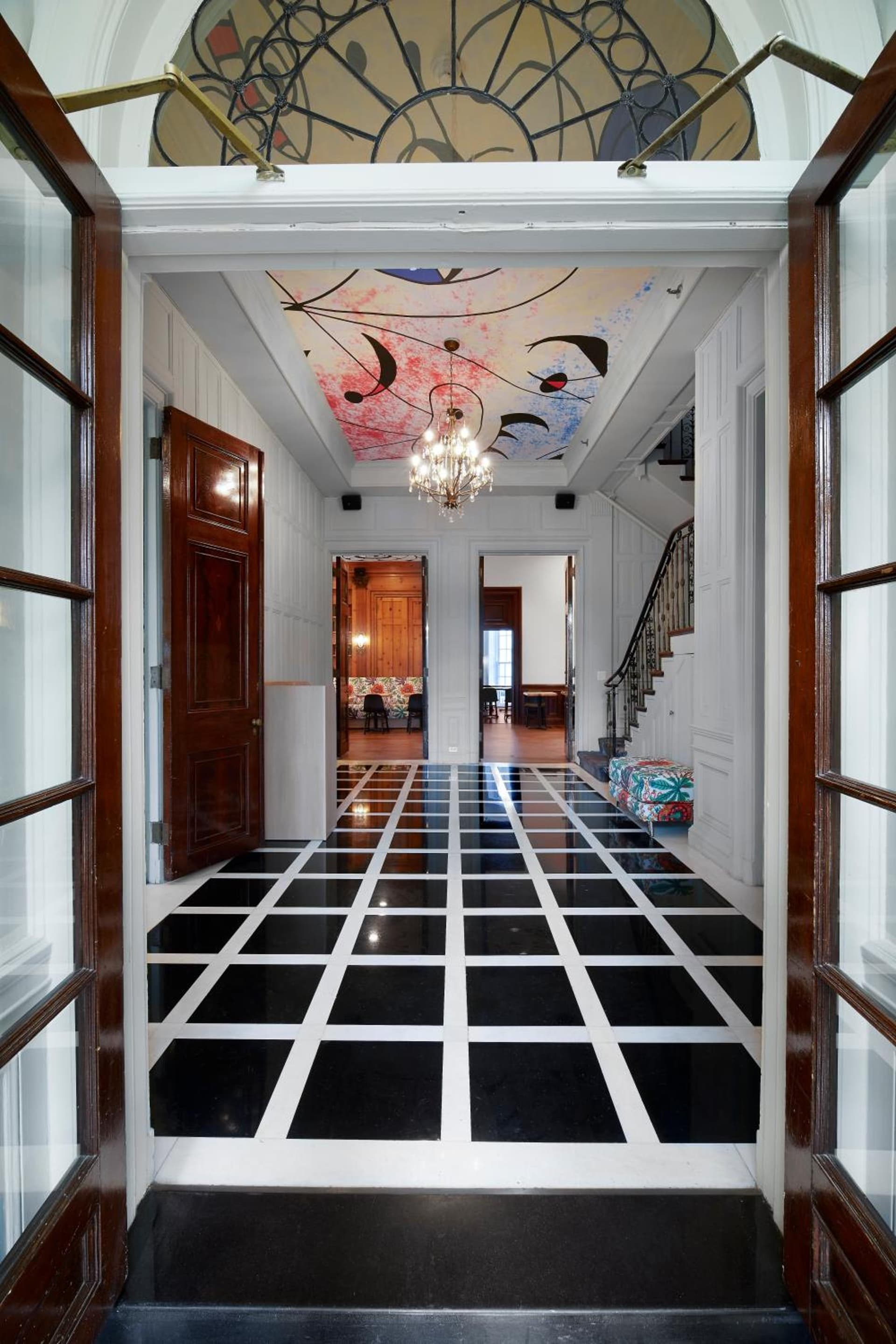Tarrytown House Estate gallery photo in Tarrytown, NY — image 67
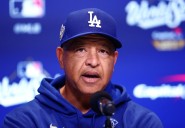 Dodgers' Dave Roberts Responds to 'Villain' Narrative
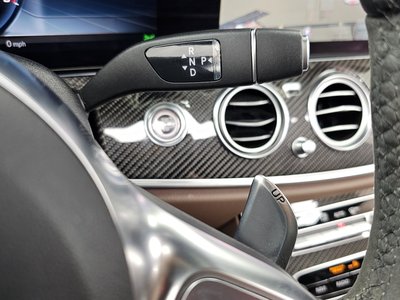 2019 Mercedes-BENZ E-CLASS 缩略图 28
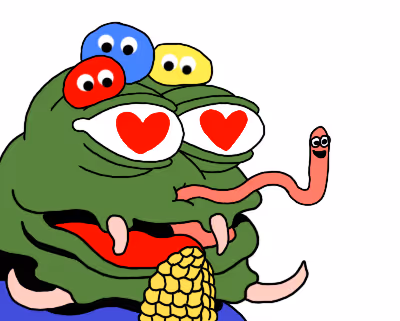 Peplicator By Matt Furie
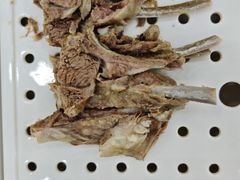 老毛手抓精品肋条-老毛手抓·盐池滩羊非遗手抓(宁夏总店)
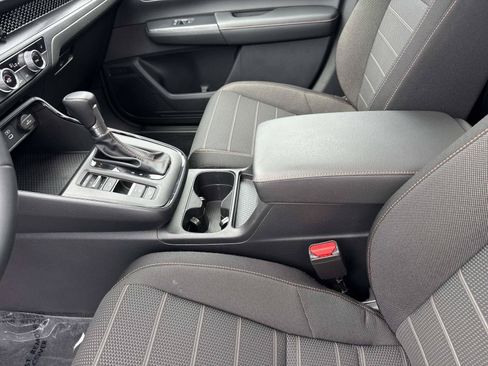 Used 2024 Honda CR-V Sport image 16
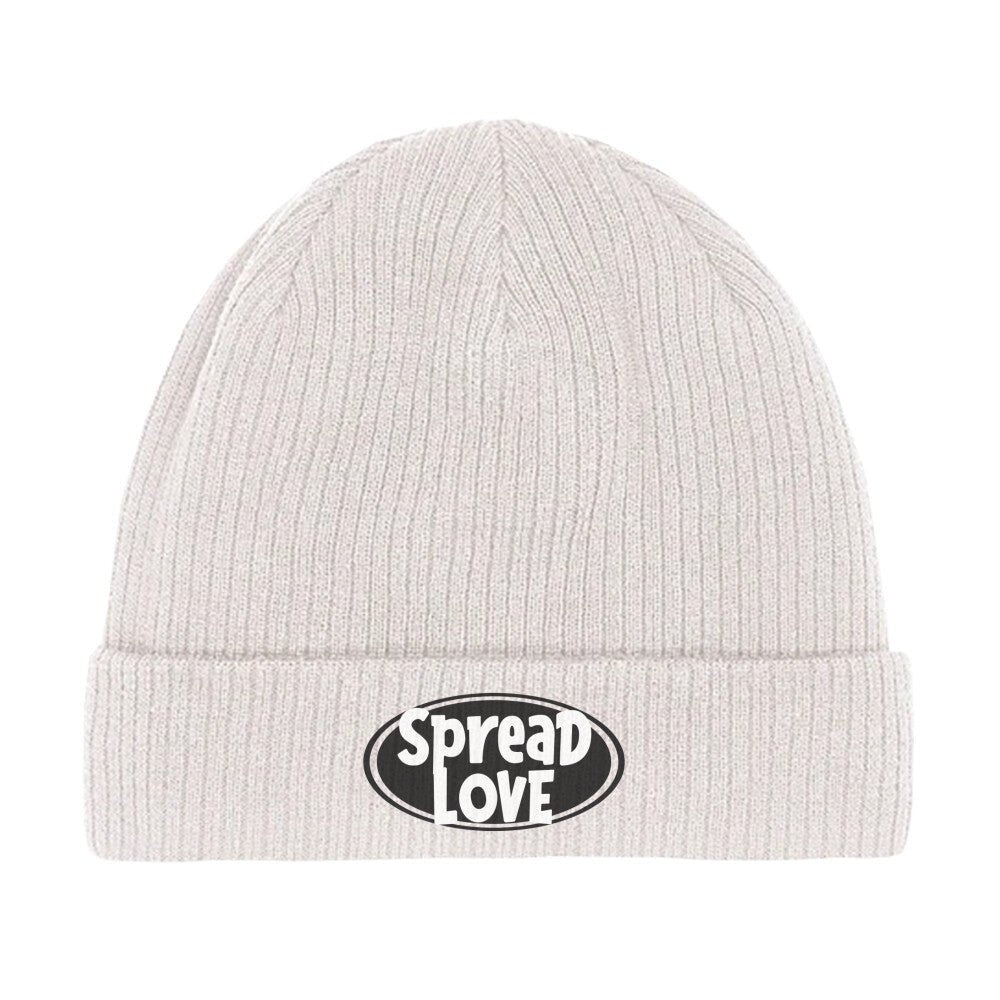 Spread love Beanie - Make-Hope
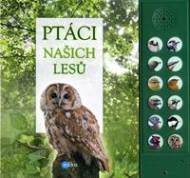 Ptáci našich lesů - cena, srovnání
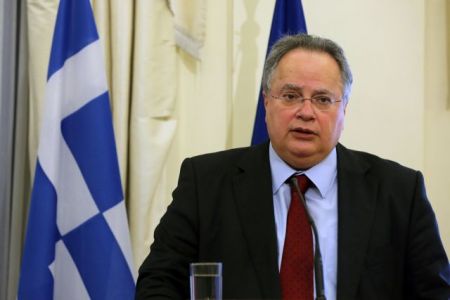 Κοτζιάς: «H ελληνική πολιτεία συμβάλει για την ενότητα όλων των Ορθοδόξων»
********
## PROBLEM
Keep the pictures out while you retype all of the data above exactly as it appears.

## SOLUTION TO THE PROBLEM
Tarrytown House Estate gallery photo in Tarrytown, NY — image 67
 Dodgers' Dave Roberts Responds to 'Villain' Narrative
 2019 Mercedes-BENZ E-CLASS 缩略图 28
 Peplicator By Matt Furie
 老毛手抓精品肋条-老毛手抓·盐池滩羊非遗手抓(宁夏总店)
 Used 2024 Honda CR-V Sport image 16
 Spread love Beanie - Make-Hope
 Ptáci našich lesů - cena, srovnání
 Κοτζιάς: «H ελληνική πολιτεία συμβάλει για την ενότητα όλων των Ορθοδόξων»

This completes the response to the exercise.